WORK TASK: Leave the pictures out. Return all other data exactly.

SUPPLIED INFORMATION:
■ ■ ■ ■ ■ ■ ■

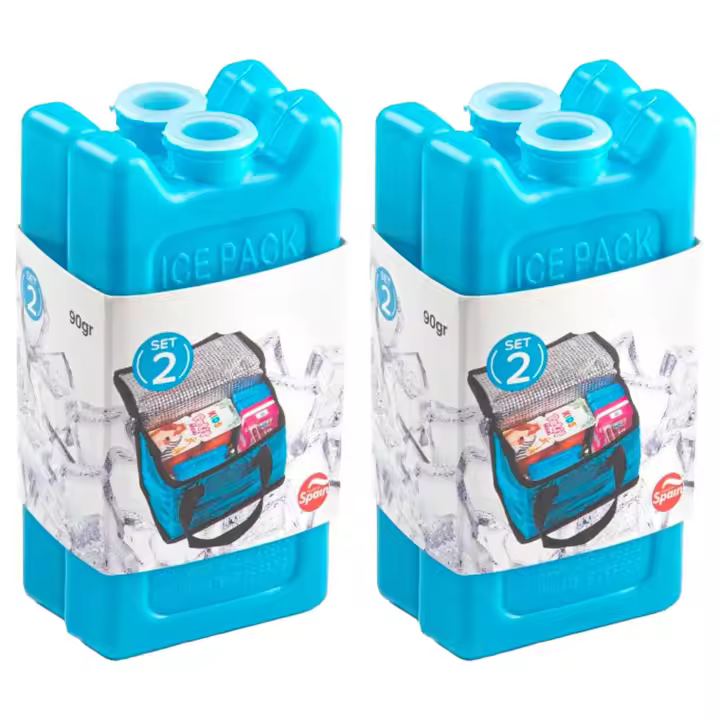 Tradineur - Pack de 4 Acumuladores de Frío N.º 2 - 90 G - Fabricado en Plástico - Ideal para mantener la temperatura en tu nevera portátil - 11 x 5,5 x 3 cm - 1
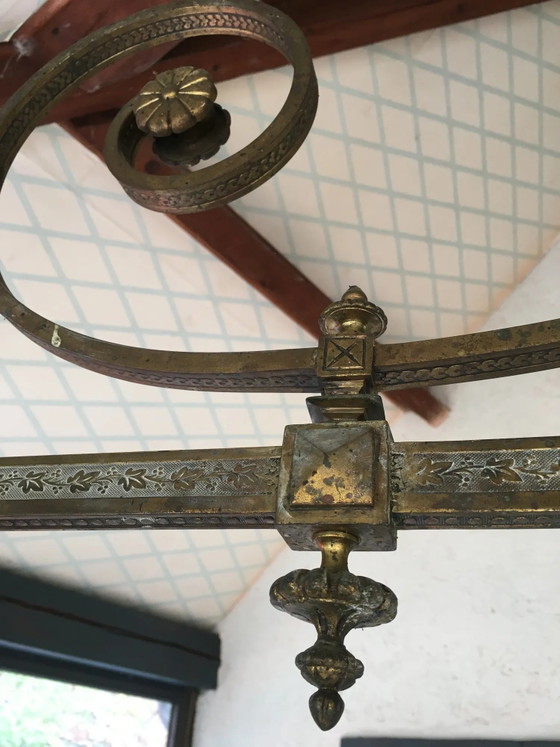 Bronzen biljart kroonluchter – Koper, Vintage (photo 5 of 11)
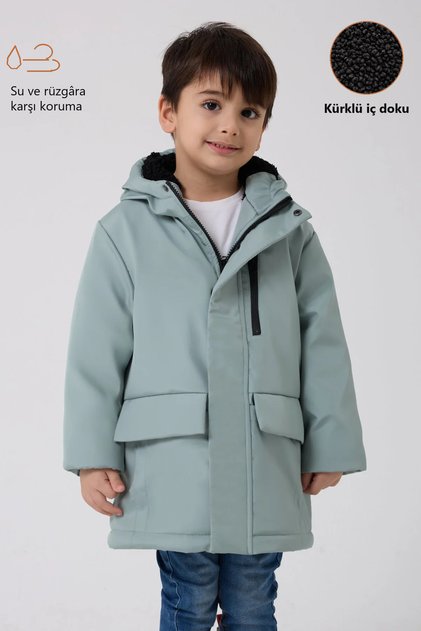 Boy's Mint Green Fur Lined Water & Windproof Hooded 3-Pocket Winter Coat & Parka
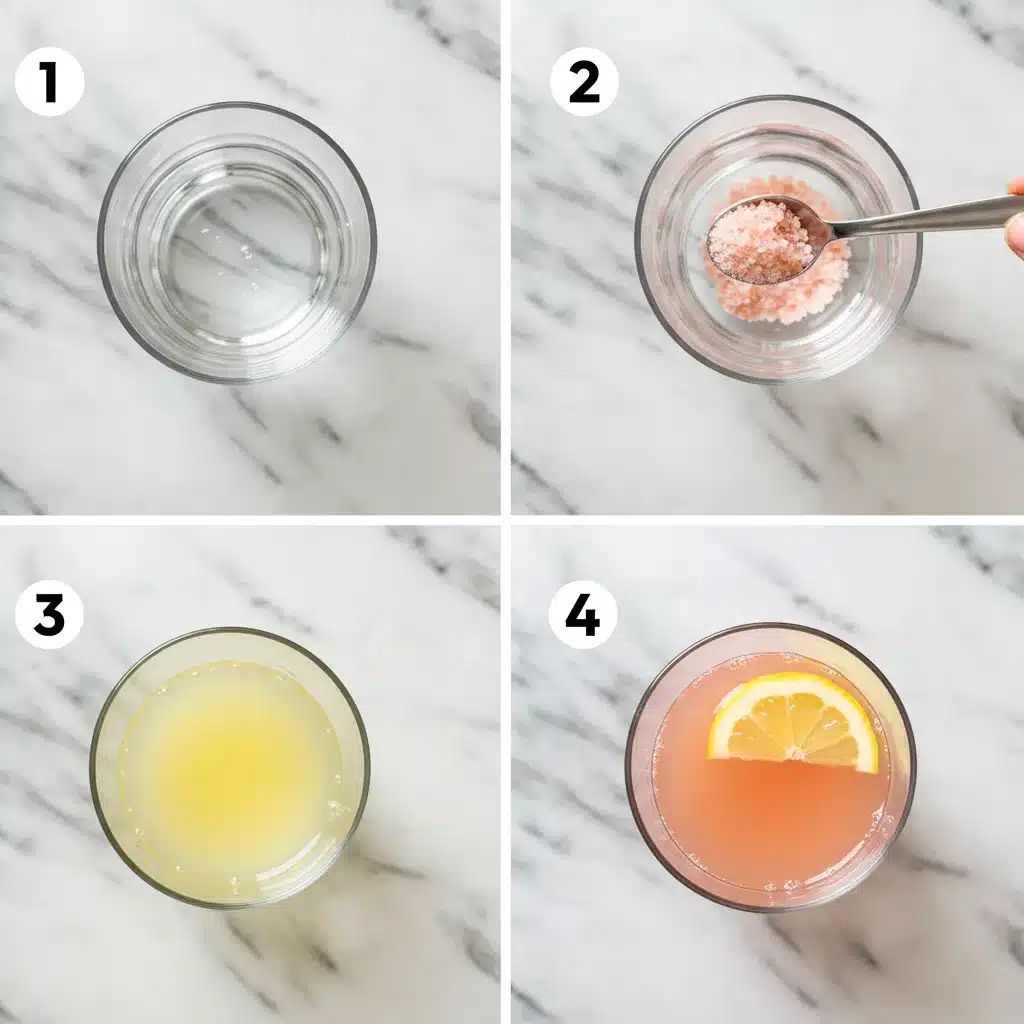 The Ultimate Japanese Pink Salt Recipe for Weight Loss & Vitality 3 A four-panel image showing the preparation steps for the Japanese pink salt recipe on a marble background.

■ ■ ■ ■ ■ ■ ■

RESPONSE TO THIS TASK:
 Tradineur - Pack de 4 Acumuladores de Frío N.º 2 - 90 G - Fabricado en Plástico - Ideal para mantener la temperatura en tu nevera portátil - 11 x 5,5 x 3 cm - 1
 Bronzen biljart kroonluchter – Koper, Vintage (photo 5 of 11)
 Boy's Mint Green Fur Lined Water & Windproof Hooded 3-Pocket Winter Coat & Parka
 The Ultimate Japanese Pink Salt Recipe for Weight Loss & Vitality 3 A four-panel image showing the preparation steps for the Japanese pink salt recipe on a marble background.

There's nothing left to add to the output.